Mike Drucker is a writer and comedian living in New York City. His writing has appeared in games published by both Sony and Nintendo, including his localization work on Kid Icarus: Uprising. He is the co-head writer for Full Frontal with Samantha Bee, and he's previously written for The Tonight Show Starring Jimmy Fallon, Adam Ruins Everything, Bill Nye Saves the World, and The President Show.

Boss Fight Books: Silent Hill 2 by Mike Drucker

A troubled man travels to a mysterious town from his past after receiving a letter from his wife... who's been dead for years. And while our "hero" explores dark corridors and battles countless disturbing enemies, his journey offers more psychological horror than survival horror. Welcome to Silent Hill, where the monster is you.
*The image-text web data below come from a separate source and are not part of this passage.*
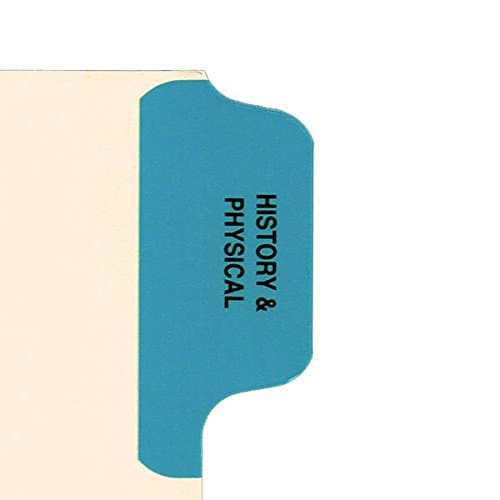 - Individual Chart Divider Packs, History & Physical (Med Blue), Side Tab 1/8th Cut, Pos #1 (Pack of 50)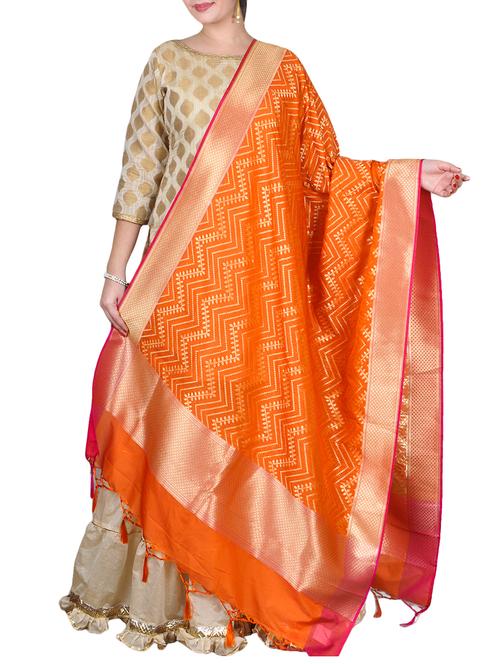orange silk blend dupatta - 15216112 - Very Small Image - 1
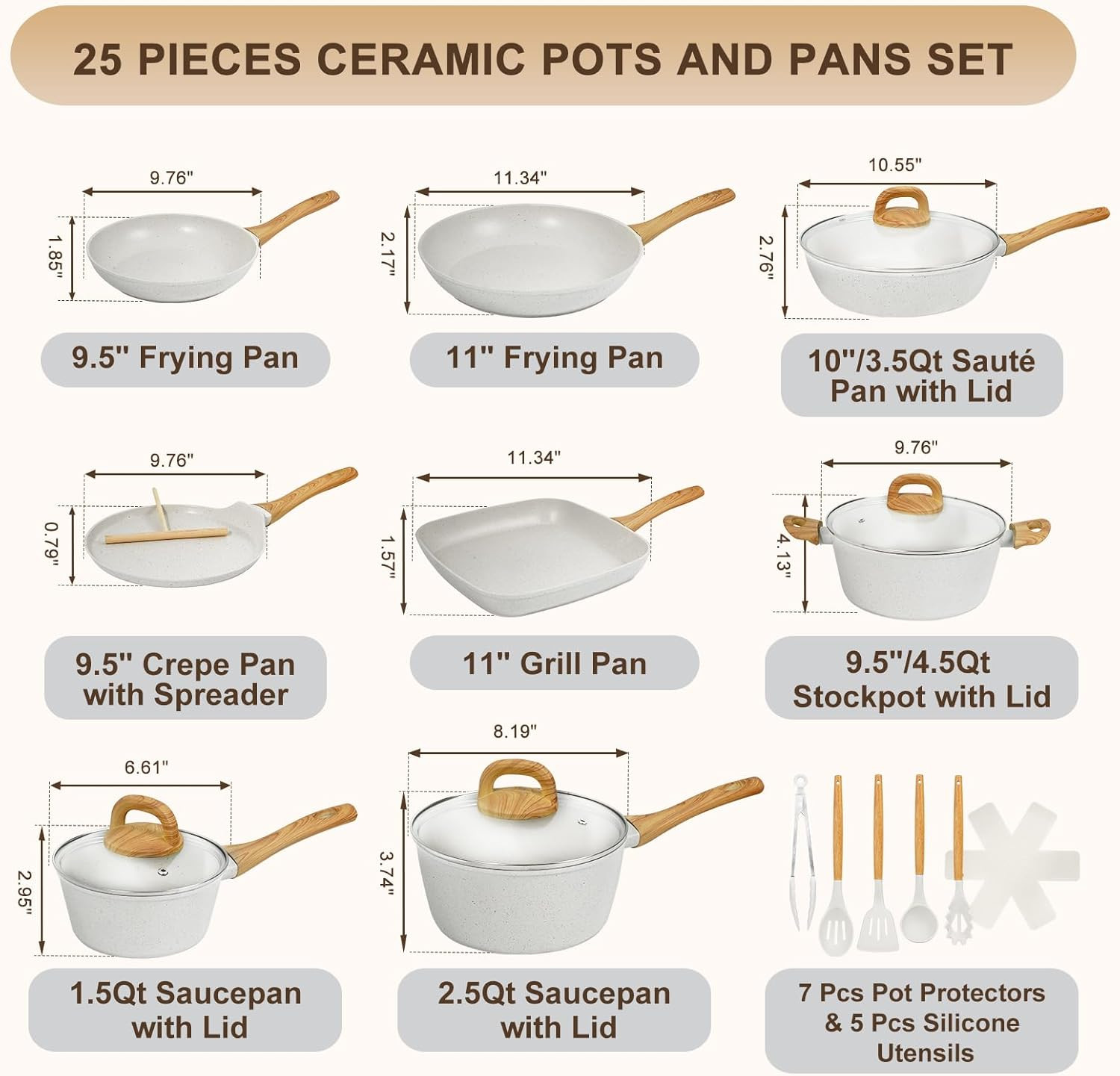 25 Pcs Nonstick Ceramic Cookware Set, Induction Compatible, Healthy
Silent Hill 2 doubles down on what made the first game so compelling: The feeling of being lost in a foggy, upside-down town as unsettling as it is familiar. Nearly two decades after first experiencing Silent Hill 2, writer and comedian Mike Drucker returns to its dark depths to explore how this bold video game delivers an experience that is tense, nightmarish, and anything but fun.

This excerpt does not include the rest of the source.